Push to affordable housing

Virendra Pandit | Updated on March 19, 2011 Published on March 19, 2011

BL20AFFOERDABLE   -  Business Line

Amid speculations of a fresh meltdown in the property market, the Washington-based Ashoka Innovators for the Public, founded in 1980, has renewed interest in affordable housing. It has roped in ‘social entrepreneurs', including professionals and NGOs, to construct over 10,000 affordable houses under the Hybrid Value Chain (HVC) framework.

For this, Ashoka is collaborating with international and local businesses, citizen sector organisations, technology, architecture, energy and finance innovators , said Mr Vishnu Swaminathan, Director, Housing For All (HFA) that Ashoka launched last year.

Ashoka is planning affordable housing complexes in non-metro and Tier I and II cities such as Ahmedabad, Satara, Pune, Bangalore, Coimbatore and Madurai in the next two to three years, unlocking market potential of nearly Rs 400 crore in this segment.

The Ahmedabad project, Umang Lambhais expected to be completed by end-2011. For most of the beneficiaries, dwellings in this project will be their first-ever houses. There will be no subsidy involved at any stage as the houses will be financed byloans.

Global endeavour

HFA, financed in partnership with the Hilti Foundation, focuses on providing new homes to families at the bottom of the economic pyramid in India.

It is part of an international demonstration of how HVCs can accelerate development of low-income housing markets globally, including projects in Brazil and Columbia, said Mr Swaminathan.

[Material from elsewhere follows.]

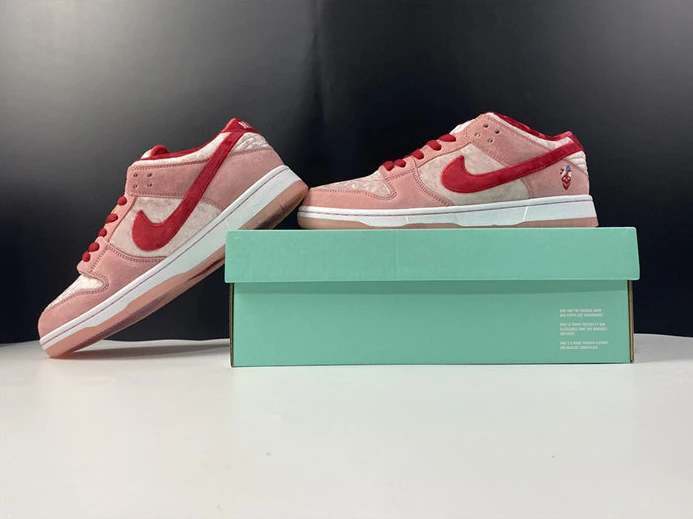 Nike SB Dunk Low StrangeLove Skateboards CT2552-800 EasyMatch 2146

India needed at least 24 million houses as per the 2001 Census and the 2011 exercise is expected to increase the number to 26 million.

HFA has devised a strategy to construct houses with a maximum price-tag of around Rs 10 lakh at the current price levels. The focus will be on those people who have no income statements, are out of banking system and cannot take housing loans under the existing norms, he added.

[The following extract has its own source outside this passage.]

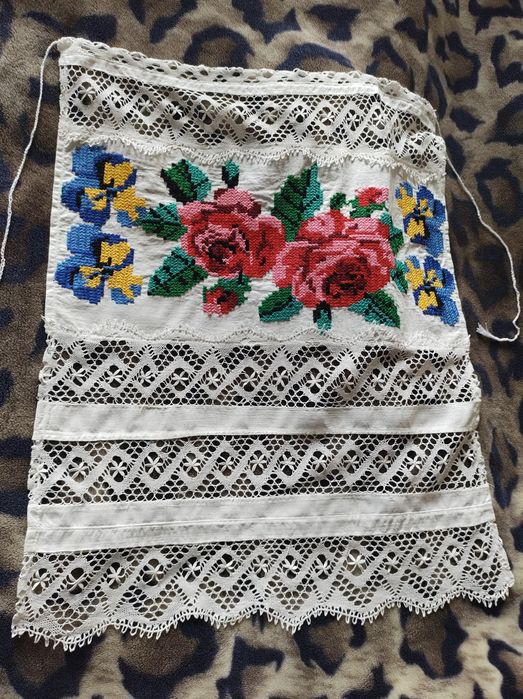 Фартушок з вишивкою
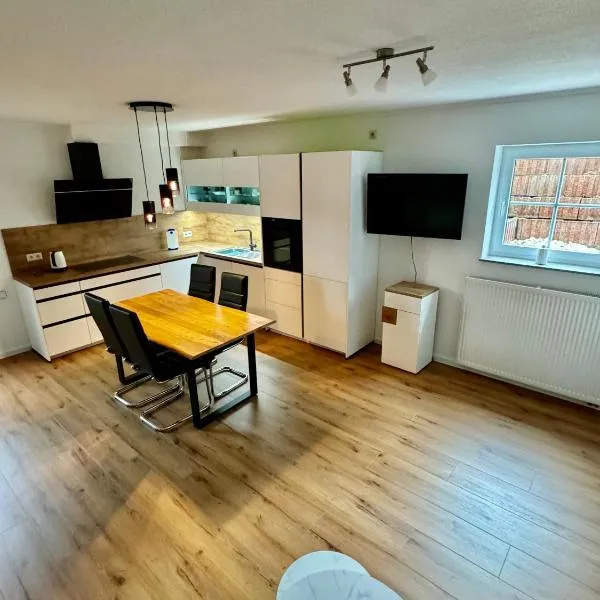Adenauer Forst Ring Apartment, hotel v destinaci Adenau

For its first such project in India, Ashoka, brought together DBS Affordable Home Strategy Ltd, Ahmedabad-based NGO Saath Charitable Trust, and financial institutions such as SEWA Bank, Gruh Finance, Mass Finance, Shibam Finance and Micro-Housing Finance Corporation.

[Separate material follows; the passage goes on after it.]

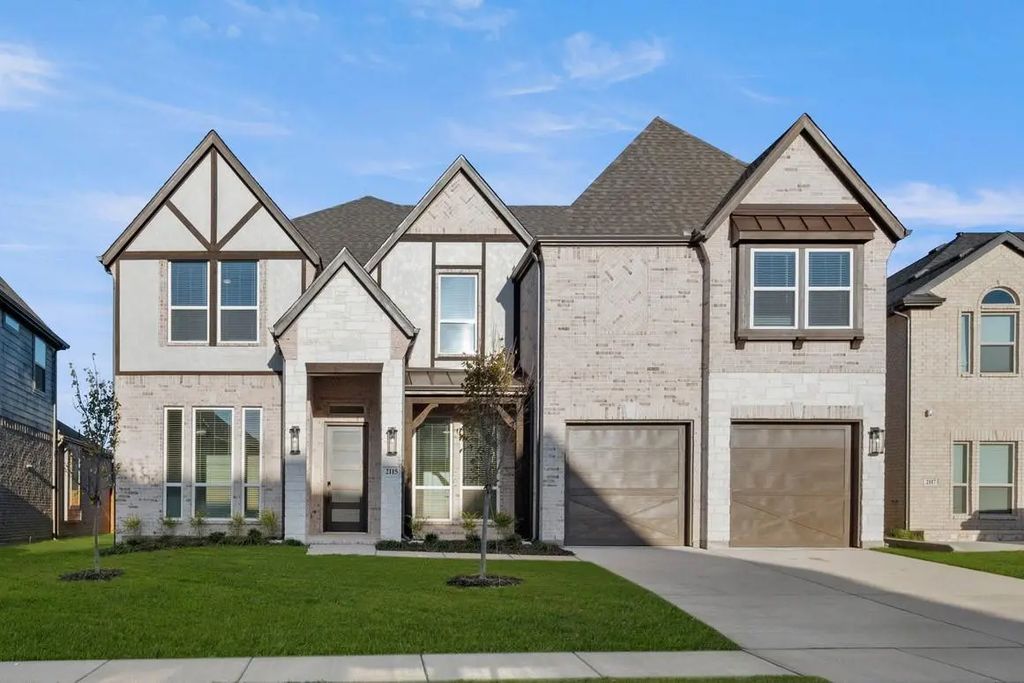 2115 Birdwatch Court, Mansfield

DBS founder-partner B.R. Balachandran said the Ahmedabad project will have1,650 houses of 250-500 sq ft in the price-range of Rs 3.5 lakh - Rs 12 lakh.

In the Umang Lambha project near Lambha village, 780 beneficiaries have already been identified for the 800-unit first phase and another 600 for the second phase of 850 houses.

DBS, a for-profit developer, will develop the Lambha project in six acres of land. Besides, DBS is also working on two other projects, Umang Narol (four acres, 800 houses) and Umang Vinzol (20 acres, 3,800 houses), said Mr Balachandran.

Mr Swaminathan said the developer with land is the first stake-holder to be brought into the picture for such projects, followed by a local NGO which understands the local conditions. With this tie-up, the third one to join the group is the financial institution(s) which can give loans to the low-income people.

We want to work out hundreds of such arrangements across 15 cities in India in the next two years.” For this, Ashoka will launch a project “Accelerator Entrepreneurs” soon.

Key role for NGOs

The unique feature of the Umang projects will be the local NGO trying to filter out investors-speculators and selecting the real users. The project will not be open to the market and no traditional advertising will be done.

Besides, the NGO involved will set up its own office, permanently, in the housing complex to look after maintenance of the complex and other aspects related to the well-being of the residents, whom it would select after scrutinising their paying capacity and needs so that only genuine users could be given the houses.

Since it would be their first, dream house, non-subsidised and self-financed, most of the users are expected to move into the houses themselves.